(Requirement): Exactly the lines below from the line with "MyCap bottle closures." through the line with "The third Olympus" must make up the answer, both ends included and pictures left out.

(Exercise data):
━━━

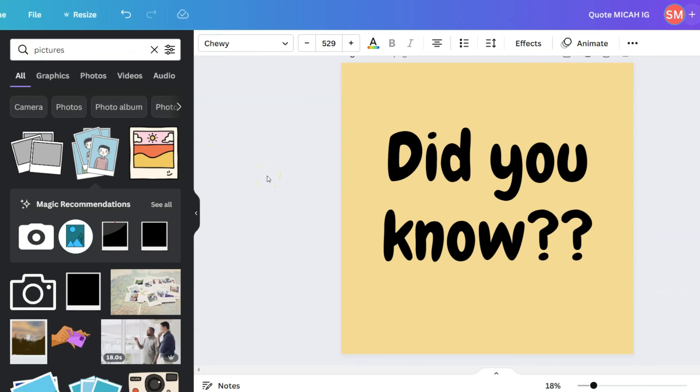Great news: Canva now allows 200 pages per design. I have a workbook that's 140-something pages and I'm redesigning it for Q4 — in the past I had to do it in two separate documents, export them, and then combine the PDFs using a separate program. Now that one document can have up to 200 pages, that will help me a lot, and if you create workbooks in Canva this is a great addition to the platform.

━━━

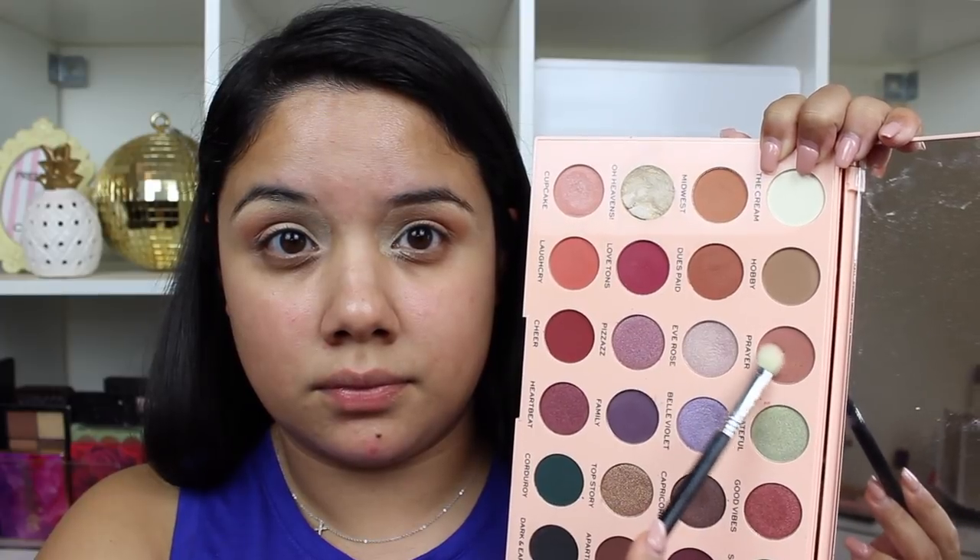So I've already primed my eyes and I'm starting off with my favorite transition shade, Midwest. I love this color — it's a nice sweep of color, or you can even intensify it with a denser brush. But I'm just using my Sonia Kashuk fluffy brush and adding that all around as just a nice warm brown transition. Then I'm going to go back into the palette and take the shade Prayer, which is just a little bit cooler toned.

━━━

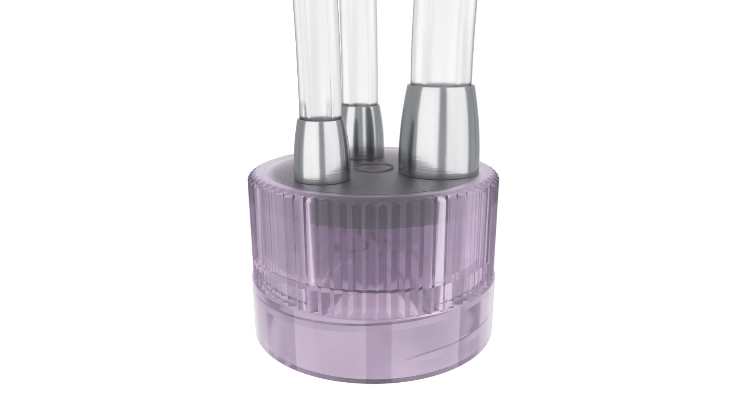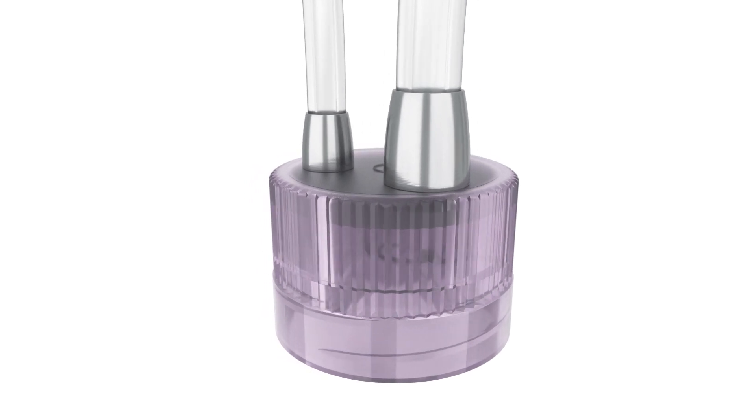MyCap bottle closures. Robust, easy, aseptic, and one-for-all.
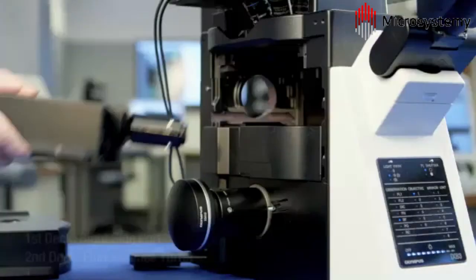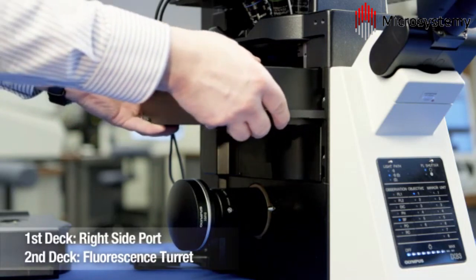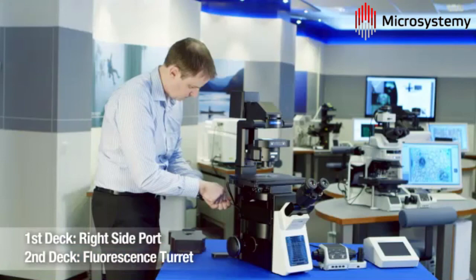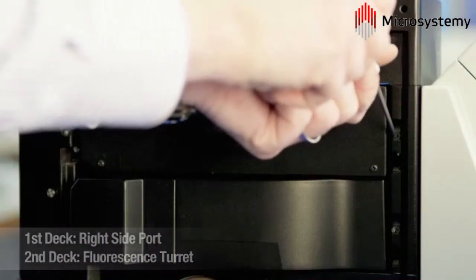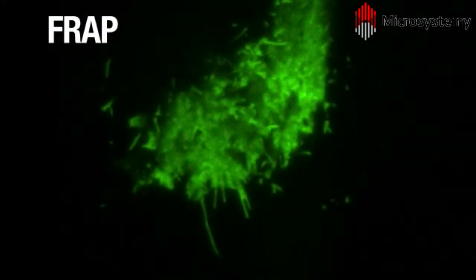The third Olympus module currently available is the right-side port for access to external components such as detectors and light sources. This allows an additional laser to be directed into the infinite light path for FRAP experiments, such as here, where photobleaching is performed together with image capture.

━━━

(Response area):
MyCap bottle closures. Robust, easy, aseptic, and one-for-all.
The third Olympus module currently available is the right-side port for access to external components such as detectors and light sources. This allows an additional laser to be directed into the infinite light path for FRAP experiments, such as here, where photobleaching is performed together with image capture.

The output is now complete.